Justin Townes Earle’s The Saint of Lost Causes: Trading Daddy Issues for Radical Politics
The Saint of Lost Causes finds Justin Townes Earle embarking on a bold and unexpected new direction
For longtime fans of Justin Townes Earle, his current release, The Saint of Lost Causes, will produce a rather uncanny effect. The music sounds familiar, but it’s a different kind of song. Over the course of his eight previous releases, since his 2007 debut Yuma, Earle has charted a remarkably consistent and fascinating career, with not a bad album to his name. The Saint of Lost Causes continues this trajectory. The rhythms, melodies, musicianship, characters, and lyrical quality are all sparkling in this most recent effort, as they were in his 2017 release Kids in the Street.
Looking back, that album seems to have marked a change for Earle. Along with Kids in the Street’s ramped-up playfulness and sense of fun, one former thematic obsession was conspicuous by its absence: the ever-present struggle with “the Father” that dominated Earle’s previous work. Kids in the Street largely abandons such concerns and it marks an important transition in his career.

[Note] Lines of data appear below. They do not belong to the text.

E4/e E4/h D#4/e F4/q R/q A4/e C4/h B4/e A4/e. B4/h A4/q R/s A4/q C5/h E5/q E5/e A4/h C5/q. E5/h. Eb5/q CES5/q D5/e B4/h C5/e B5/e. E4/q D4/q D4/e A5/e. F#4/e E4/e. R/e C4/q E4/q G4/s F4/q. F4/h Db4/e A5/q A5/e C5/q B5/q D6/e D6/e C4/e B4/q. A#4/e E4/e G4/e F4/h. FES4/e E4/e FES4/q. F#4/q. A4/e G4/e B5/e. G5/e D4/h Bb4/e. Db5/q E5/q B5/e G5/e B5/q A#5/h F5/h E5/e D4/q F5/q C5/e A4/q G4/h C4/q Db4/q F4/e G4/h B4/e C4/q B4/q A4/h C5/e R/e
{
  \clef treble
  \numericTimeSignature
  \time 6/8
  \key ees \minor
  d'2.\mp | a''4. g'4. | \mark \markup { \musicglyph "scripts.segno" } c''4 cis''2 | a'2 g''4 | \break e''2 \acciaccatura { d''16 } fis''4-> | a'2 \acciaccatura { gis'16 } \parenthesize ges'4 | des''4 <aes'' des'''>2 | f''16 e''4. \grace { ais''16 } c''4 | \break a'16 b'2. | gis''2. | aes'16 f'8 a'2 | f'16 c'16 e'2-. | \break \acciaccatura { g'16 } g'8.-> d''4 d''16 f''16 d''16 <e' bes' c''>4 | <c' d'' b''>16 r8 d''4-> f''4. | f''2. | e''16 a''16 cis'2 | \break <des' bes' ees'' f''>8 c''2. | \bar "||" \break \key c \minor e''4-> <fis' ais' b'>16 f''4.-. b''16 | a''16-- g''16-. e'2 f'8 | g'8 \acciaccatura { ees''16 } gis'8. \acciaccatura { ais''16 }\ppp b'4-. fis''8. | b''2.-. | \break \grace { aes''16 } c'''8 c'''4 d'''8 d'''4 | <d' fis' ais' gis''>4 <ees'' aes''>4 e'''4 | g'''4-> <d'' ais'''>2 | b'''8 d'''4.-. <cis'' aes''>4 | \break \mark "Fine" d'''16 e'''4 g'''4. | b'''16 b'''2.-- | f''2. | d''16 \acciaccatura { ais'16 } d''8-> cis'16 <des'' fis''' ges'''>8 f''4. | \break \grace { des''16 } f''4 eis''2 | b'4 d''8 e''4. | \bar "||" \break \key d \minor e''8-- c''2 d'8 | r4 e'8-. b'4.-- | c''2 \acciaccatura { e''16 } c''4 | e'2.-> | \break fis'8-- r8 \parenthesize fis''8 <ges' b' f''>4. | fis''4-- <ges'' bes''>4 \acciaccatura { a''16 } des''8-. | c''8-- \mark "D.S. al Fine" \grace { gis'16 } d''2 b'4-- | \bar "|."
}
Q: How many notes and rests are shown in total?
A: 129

The Saint of Lost Causes introduces a new spice to replace parental anxiety in the recipe: an angry political imagination. Where much of JTE’s previous artistic output emerges from the psychological battle of escaping his father’s (Steve Earle) formidable shadow, this album’s songs burst forth from a vigorous engagement with contemporary populist politics.
Justin Townes Earle is one of those artists for whom the term “Americana” was invented. As his career has developed, his music has incorporated various, distinct American traditions: country, blues, jazz, folk, most prominently (with a Replacements cover thrown in). This new album continues that established trajectory while adding a few subtle variations. For instance, electric bass lines play a somewhat more prominent role in this album, while the lively horn sections of previous albums like Kids in the Street and Nothing's Gonna Change the Way You Feel About Me Now are noticeably absent. Overall, however, this album’s style is neatly consistent with Earle’s previous work. What makes the record distinct is the subject matter.
Born to a legendary troubadour, alt-country pioneer Steve Earle, and named after Townes Van Zandt, a certain degree of anxiety of influence is more than understandable and even fully expected in an artist like Justin Townes Earle. Stylistically, the young artist quickly moved beyond his father’s influence after the somewhat derivative Yuma, which finds the young singer stepping firmly into his father’s tradition. Beginning with The Good Life (2008) and particularly with Midnight at the Movies (2009) however, Earle sounds nothing like his father, in voice, style, or subject matter.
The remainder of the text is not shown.